Year 6 is an educational year group in schools in many countries including the United Kingdom, Australia and New Zealand. It is usually the sixth year of compulsory education and incorporates students aged between ten and eleven however some children who are in Year 6 can be considered as grade 4 in some countries but if the child who was born after September 2nd and grade 4, they will be replaced as Year 5.

Australia
In Australia, Year 6 is usually the seventh year of compulsory education. Although there are slight variations between the states, most children in Year Six are aged between eleven and twelve.

New Zealand
In New Zealand, Year 6 is the sixth year of compulsory education. Children entering this year group are generally aged between 9.5 and 11.
 Year 6 pupils are usually educated in primary schools or in area schools. For contributing primary schools, this is the last year, with students moving onto intermediate schools or combined intermediate and secondary schools, while full primary schools continue to Year 8.

United Kingdom

England
In schools in England Year 6 is the sixth year after Reception. It is the sixth full year of compulsory education, with children being admitted who are aged 10 before 1 September in any given academic year. It is also the final year of Key Stage 2 in which the National Curriculum is taught. It is also the year in which all students in maintained schools undertake National Curriculum tests (known as SATs) in the core subjects of English and Mathematics.

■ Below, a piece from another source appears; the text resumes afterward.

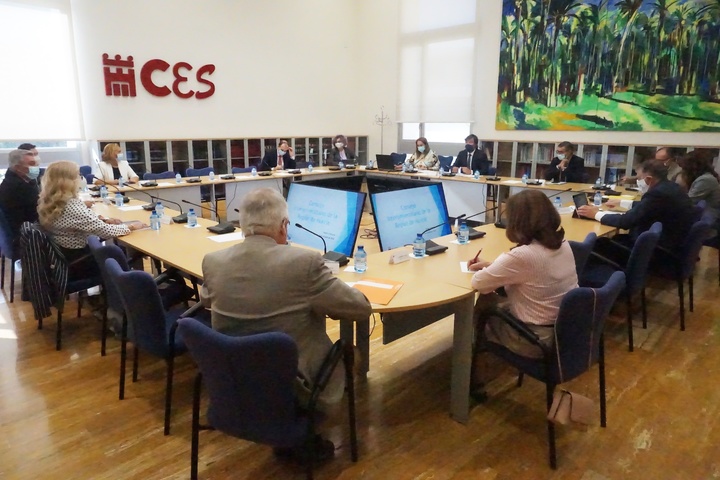 El consejero de Empleo, Investigación y Universidades, Miguel Motas, presidió la reunión del Consejo Interuniversitario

Year 6 is usually the final year of Primary or Junior School. In some areas of England, Year 6 is a year group in Middle school, which covers the year 5–8 or 4–7-year groups.

In some parts of England, where there remain separate Grammar and Secondary modern schools, students in Year 6 may sit a test for entrance into a Grammar school. The test is known colloquially as the Eleven plus exam.

Wales
In schools in Wales Year 6 is the sixth year after Reception. It is currently the sixth full year of compulsory education, with children being admitted who are aged 10 before 1 September in any given academic year. It is the final year group in Key Stage 2.

Northern Ireland and Scotland

In Northern Ireland and Scotland, the sixth year of compulsory education is called Primary 6, and pupils generally start at the age of 9 or 10.